B13's *Tsurus* were the cheapest Nissans in their Basic Models (it's very popular for Taxis).

*Platina* are the next level, better equipment, newer engine & modern design,

*Almera* is the next level, well equipment with a Sportier ride and modern design.

B15's *Sentra* are the better car Nissan sell here in the compact car segment,

Nissan offer continues with *Altimas, Maximas, X-terra, Pathfinder, 350Z, Pathfinder Armada, Titan, Frontier, small pick ups*(not sold there at USA), *Infiniti's I35 & Q45*

Sorry I forgot the Murano.

And to finish a couple Models from Japan: *X-TRAIL a really nice small SUV fully equipped with the 2.5 lts 180hp engine and one of the biggest sunroofs in the market * it's like Toyota RAV-4, Honda CR-V & at last the oh so ugly *Urvan* a utility (one volume) cargo truck (don't worth the value to mention it, it's terrible)

Hope this clarify everything, if anybody has a question, i'll look for the answer :cheers:


----------



## Ninety-Nine SE-L (May 5, 2002)

ya, they got rid of the 2.0L B15 here as well.


----------



## andre (Apr 30, 2002)

How much does a B13 sentra cost down there now?

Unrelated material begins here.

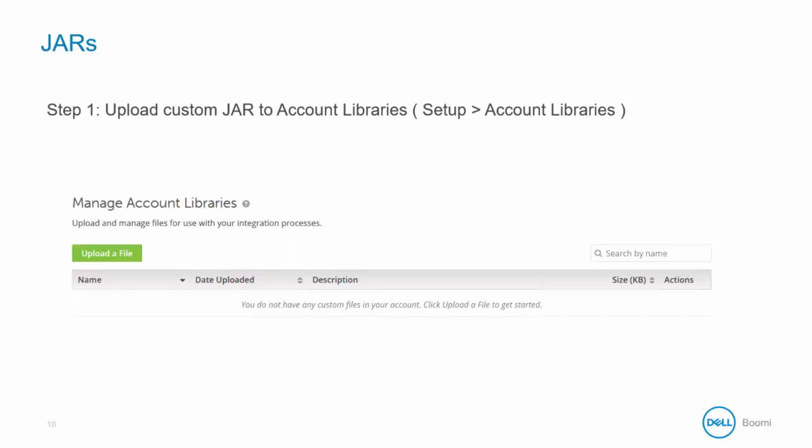To deploy a JAR file, first upload the custom JAR to the account libraries. This can be found under Setup and Account Libraries. Each Dell Boomi account has access to 100 megabytes of space for uploaded files.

Just curious.


----------



## Pablo14 (Jan 18, 2003)

andre said:


> How much does a B13 sentra cost down there now? Just curious.


 andre, I will tell you in a few minutes. Stay here and you will know.


----------



## Pablo14 (Jan 18, 2003)

andre, the B-13 or Tsuru Nissan model in Mexico costs 97,200 Mexican Pesos or
$8,979.21 in US Dollars for the base model and it goes up to 132,300 Mexican Pesos
or $12,221.70 in US Dollars for a model loaded with options.

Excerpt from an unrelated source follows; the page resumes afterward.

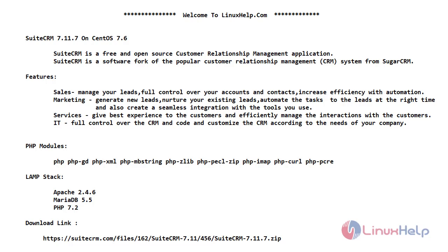SuiteCRM is best for the IT department as they have full control over the CRM core and they could also customize the CRM according to the needs of your company.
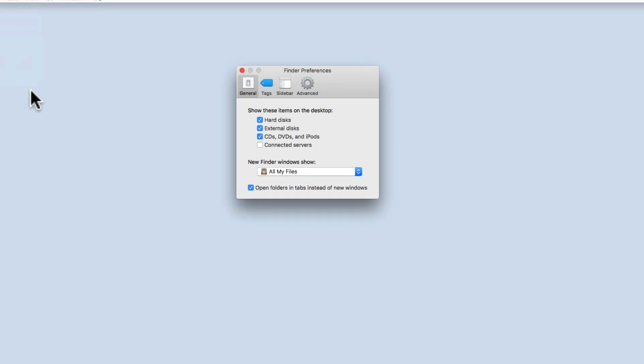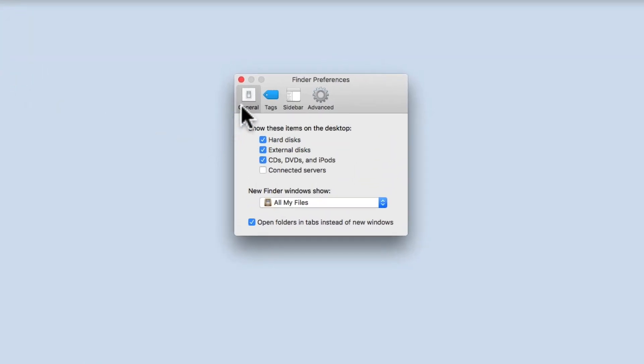When Finder Preferences opens, in the General settings there is an option to show items on the desktop.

I used the web site http://www.oanda.com/convert/classic, which contains a currency converter.

I am awake this late too. Adding something to the comments of manuelga, my new friend.

Thanks


----------



## Pablo14 (Jan 18, 2003)

The price for the 2004 Tsuru Nissan model appears at the Nissan Mexicana web site:
http://www.nissan.com.mx/

Thanks


----------



## manuelga (Dec 14, 2003)

Pablo14 said:


> The price for the 2004 Tsuru Nissan model appears at the Nissan Mexicana web site:
> http://www.nissan.com.mx/
> 
> Thanks


The price in US$ is correct for this Saturday, the problem is that the exchange rate now is Mex$10.83 for each US$1 but a month ago it was around Mex$11.60 per US$1, it's subject to offer-demand and it was affected by political, economics and many other issues, even when people has to pay their anual taxes during March, people need pesos and the market was flooded with dollars that people & companies sell, increasing the offer reducing drastically the rate.

Thanks Pablo


----------



## Ninety-Nine SE-L (May 5, 2002)

so, there;s no 2.0L Tsuru? Oh  That would be awesome if ther were a 2004 Classic SE-R.


----------



## Sentra_Industies (Oct 31, 2002)

1997 GA16DE said:


> so, there;s no 2.0L Tsuru? Oh  That would be awesome if ther were a 2004 Classic SE-R.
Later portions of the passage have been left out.